As Dr Muir explains: “It coincides with the 'Great Ordovician Biodiversification Event', when animals with hard skeletons were evolving rapidly. For the first time, we will be able to see what the rest of the ecosystem was doing as well.”
Fossils of many different kinds of animals were found at Castle Bank. Most of the animals were small (1-5 mm) and many were either completely soft-bodied when alive or had a tough skin or exoskeleton. Places where such soft-bodied fossils are found are extremely rare, and only one other Ordovician site in the World (the Fezouata Biota of Morocco) preserves close to this level of detail. Such sites give us an important glimpse of the full variety of life in the past, not just the animals with hard shells and bones that are usually found as fossils.
The Castle Bank fossils include the youngest known examples of some unusual groups of animals, including ‘opabiniids’ with their vacuum cleaner-like proboscis, and ‘wiwaxiids’, strange oval-shaped molluscs with a soft underbelly and a back covered with rows of leaf-shaped scales and long spines [Unusual new fossils from ancient rocks in Wales | Museum Wales].
At the same time, the site also includes the oldest examples of more modern-looking animals, including an animal that looks almost like an insect and may be distantly related to them.
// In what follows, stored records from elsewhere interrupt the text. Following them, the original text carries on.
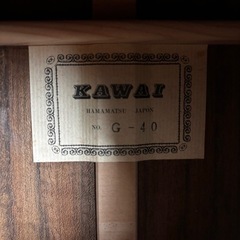s1003610 美品 KAWAI G-40 クラシックギター ギター 弦楽器 音楽 ライブ 良音 路上 楽器 コンサート 中古品の画像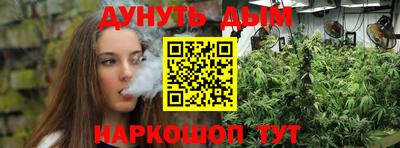 МДПВ Кандалакша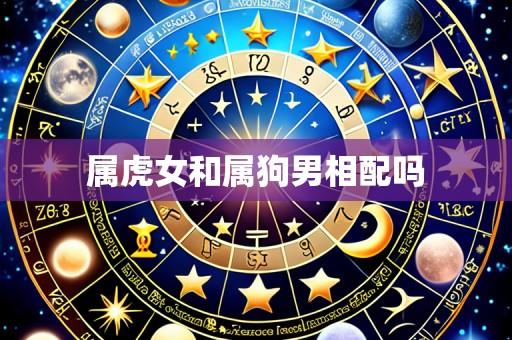 属虎女和属狗男相配吗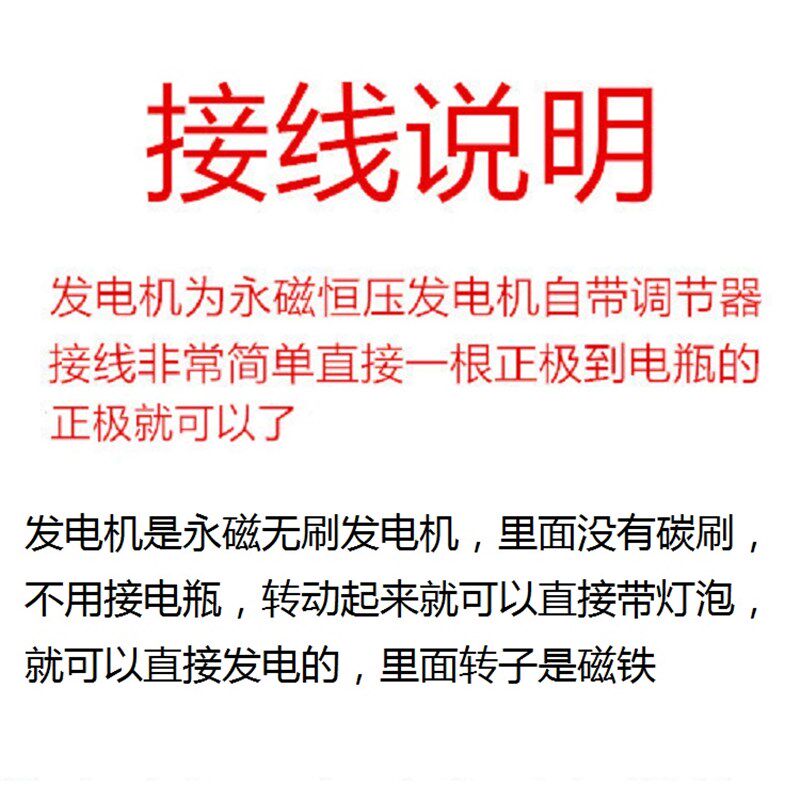 农用车三轮车拖拉机直流永磁恒压充电12V伏14V1000W瓦发电机手摇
The new fossils also include many different types of worms, sponges, barnacles, starfish and a primitive ‘horseshoe crab’.
Very fine details can be seen on many of the fossils under the microscope, including eyes and possible primitive brain in the head of an unknown arthropod, gut traces in trilobites and other animals, and worm tentacles and jaws. Researchers in Sweden also dissolved some of the rock in hydrofluoric acid, and extracted minute fragments of organic remains that show cellular-level detail.
Despite the extraordinary range of fossils already discovered, work has barely begun, says Dr Botting. “Every time we go back, we find something new, and sometimes it's something truly extraordinary. There are a lot of unanswered questions, and this site is going to keep producing new discoveries for decades. This is just the beginning, and we're excited to see what comes next!”